Hence, O’Brien read the first drafts the Scholars submitted with an editorial eye, often making copious comments in the margins. Mid-month, he met the writers in a seminar, where he, Stevens, and the contestants themselves discussed ways to improve each essay.
The initial submissions were better than O’Brien had expected. More impressive was the patience Scholars exhibited during the seminar, as their work was critiqued in front of their peers. Discussion was lively, with Scholars questioning some criticisms, conceding others. A session planned for two hours stretched to four.
When the revised drafts arrived, “every single essay had improved,” O’Brien said. Some of the writers showing most improvement were those whom O’Brien and Stevens had advised to do the most work—to “rethink a premise, come at it from a different direction, rework it where the logic had broken down.”
Jason Stevens agreed: “The second draft is usually better than the first, but this time there was a noticeable jump in the writing competence. O’Brien really spurred the Scholars to perfect their work.”
O’Brien’s advice helped Sophia Leddy improve an essay critiquing harsh drug law enforcement methods. She’d opened it with a fictional account of a no-knock drug raid. O’Brien advised her to shorten this story, “condensing it to the most important point.” He also asked Leddy to address the average reader’s likely objections to her advocacy of more lenient policies.
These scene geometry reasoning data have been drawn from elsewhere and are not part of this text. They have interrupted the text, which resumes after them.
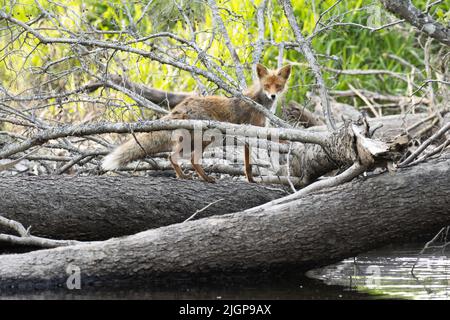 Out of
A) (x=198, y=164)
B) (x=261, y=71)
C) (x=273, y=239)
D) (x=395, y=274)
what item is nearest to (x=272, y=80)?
(x=261, y=71)

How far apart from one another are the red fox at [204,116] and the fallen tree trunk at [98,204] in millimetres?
383

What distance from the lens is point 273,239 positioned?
19.4ft

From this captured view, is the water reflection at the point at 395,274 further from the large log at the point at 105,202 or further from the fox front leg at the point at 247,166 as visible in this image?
the fox front leg at the point at 247,166

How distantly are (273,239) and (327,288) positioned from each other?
0.53 m

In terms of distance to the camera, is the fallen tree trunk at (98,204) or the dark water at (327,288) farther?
the fallen tree trunk at (98,204)

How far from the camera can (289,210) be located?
598cm

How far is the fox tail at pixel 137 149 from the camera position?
24.3 feet

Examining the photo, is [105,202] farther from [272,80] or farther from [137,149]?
[272,80]

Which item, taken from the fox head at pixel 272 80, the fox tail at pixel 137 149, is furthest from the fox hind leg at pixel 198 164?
the fox head at pixel 272 80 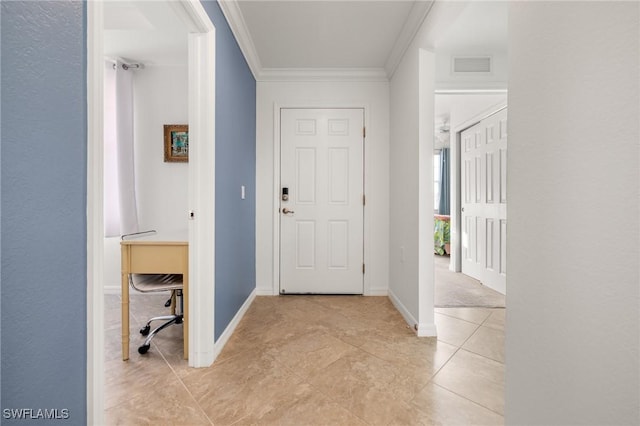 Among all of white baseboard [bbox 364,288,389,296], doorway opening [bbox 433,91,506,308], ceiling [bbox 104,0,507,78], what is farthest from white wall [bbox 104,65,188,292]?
doorway opening [bbox 433,91,506,308]

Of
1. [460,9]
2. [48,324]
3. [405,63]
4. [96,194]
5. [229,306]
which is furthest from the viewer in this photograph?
[405,63]

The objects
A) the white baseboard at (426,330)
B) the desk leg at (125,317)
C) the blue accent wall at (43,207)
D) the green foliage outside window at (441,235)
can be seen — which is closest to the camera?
the blue accent wall at (43,207)

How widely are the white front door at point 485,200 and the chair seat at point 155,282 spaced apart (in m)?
3.16

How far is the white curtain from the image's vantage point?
2.95 meters

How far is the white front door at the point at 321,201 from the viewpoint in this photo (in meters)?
3.08

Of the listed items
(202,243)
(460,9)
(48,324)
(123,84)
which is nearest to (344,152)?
(460,9)

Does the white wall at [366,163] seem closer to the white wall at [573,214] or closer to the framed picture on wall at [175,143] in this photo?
the framed picture on wall at [175,143]

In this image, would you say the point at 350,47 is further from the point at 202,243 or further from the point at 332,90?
the point at 202,243

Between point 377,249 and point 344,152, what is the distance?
115cm

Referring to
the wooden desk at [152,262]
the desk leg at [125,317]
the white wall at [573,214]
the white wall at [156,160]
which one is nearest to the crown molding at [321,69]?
the white wall at [156,160]

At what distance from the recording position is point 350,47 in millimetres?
2578

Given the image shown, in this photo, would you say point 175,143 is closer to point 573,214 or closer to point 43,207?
point 43,207

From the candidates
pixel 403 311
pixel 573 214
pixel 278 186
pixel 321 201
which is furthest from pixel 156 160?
pixel 573 214

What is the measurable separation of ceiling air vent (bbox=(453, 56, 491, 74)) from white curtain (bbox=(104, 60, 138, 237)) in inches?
139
Dennis Clark had learned to be “clear and thorough” when writing academic papers. Now, O’Brien asked him to work on tone, advising that writing that engages a reader’s emotions can convey an argument more effectively. O’Brien proposed ways to use “word choice, sentence structure, and rhetorical devices” to energize his essay, Clark said.
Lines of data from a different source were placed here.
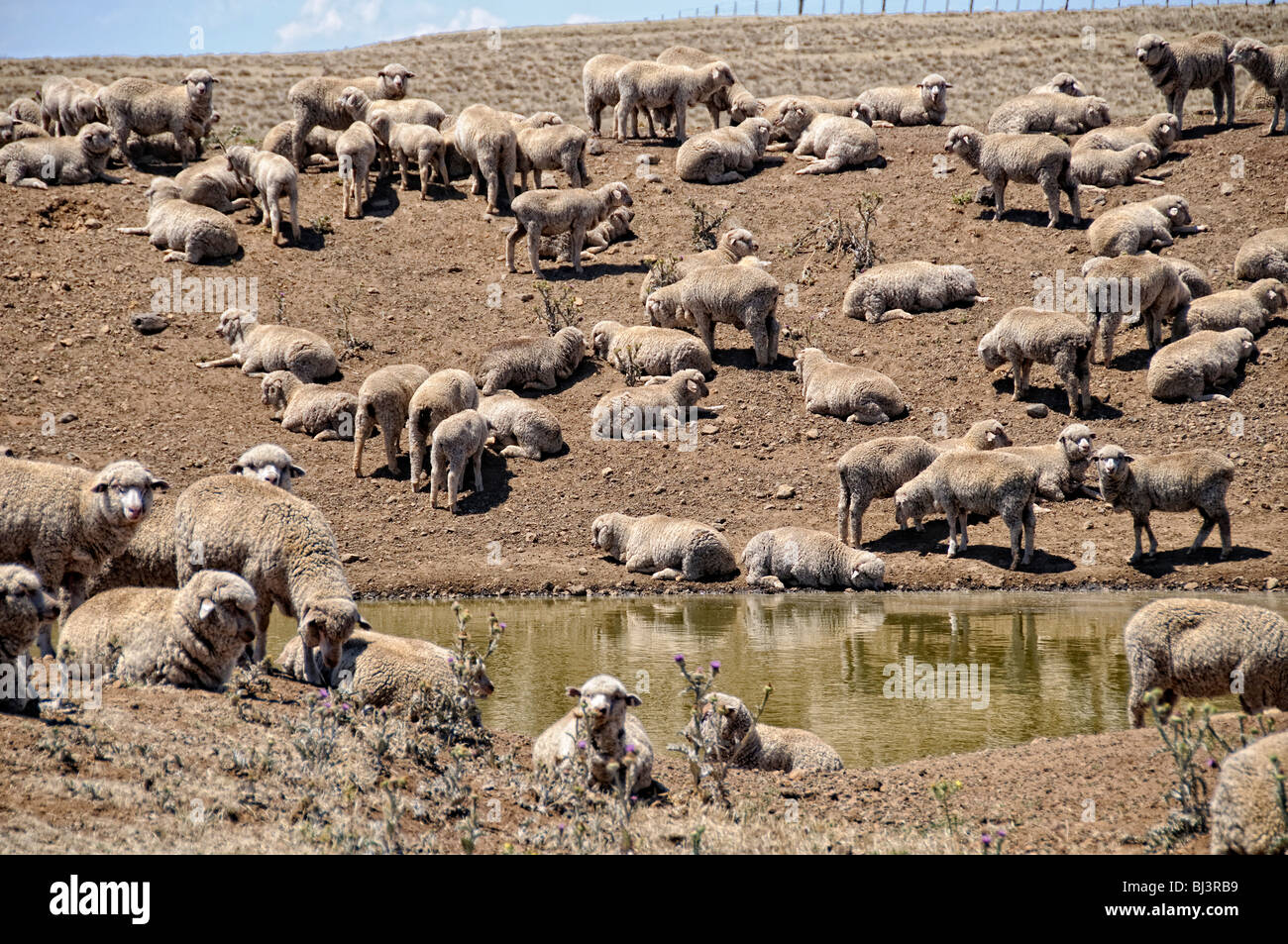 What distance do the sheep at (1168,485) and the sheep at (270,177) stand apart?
17410mm

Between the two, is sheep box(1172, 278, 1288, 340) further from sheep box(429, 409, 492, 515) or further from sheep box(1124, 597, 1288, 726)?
sheep box(1124, 597, 1288, 726)

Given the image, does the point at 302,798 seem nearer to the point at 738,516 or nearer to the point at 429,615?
the point at 429,615

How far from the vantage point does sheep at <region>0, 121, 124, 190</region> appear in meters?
27.6

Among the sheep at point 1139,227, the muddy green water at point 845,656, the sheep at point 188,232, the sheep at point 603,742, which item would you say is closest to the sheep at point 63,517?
the muddy green water at point 845,656

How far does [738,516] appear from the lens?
18672 millimetres

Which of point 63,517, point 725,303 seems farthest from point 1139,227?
point 63,517

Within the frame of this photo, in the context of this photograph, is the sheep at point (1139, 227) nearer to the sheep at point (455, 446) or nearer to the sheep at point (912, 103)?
the sheep at point (912, 103)

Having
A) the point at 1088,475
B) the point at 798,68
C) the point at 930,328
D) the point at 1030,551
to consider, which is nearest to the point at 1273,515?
the point at 1088,475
Judging the final essays, O’Brien applied an objective test. He ranked each entry on a 10-point scale in four areas: “quality of the writing; quality of the insight; persuasiveness of the argument; and appeal to a general audience.” The essays scoring the highest points turned out in almost every instance to be those Stevens also found strongest.
Stevens said he found the decisions challenging, “because the essays were so good, and because there were so many of them.” This contest drew twice as many submissions as in previous semesters. Stevens planned to email “some students whose essays did not make the winning group to encourage them to keep working on them and submit them next time.”
When that time comes, Stevens hopes O’Brien will again “share his tricks of the trade” with Ashbrook’s developing writers. The retired editor is willing. “All they have to do is call,” he said.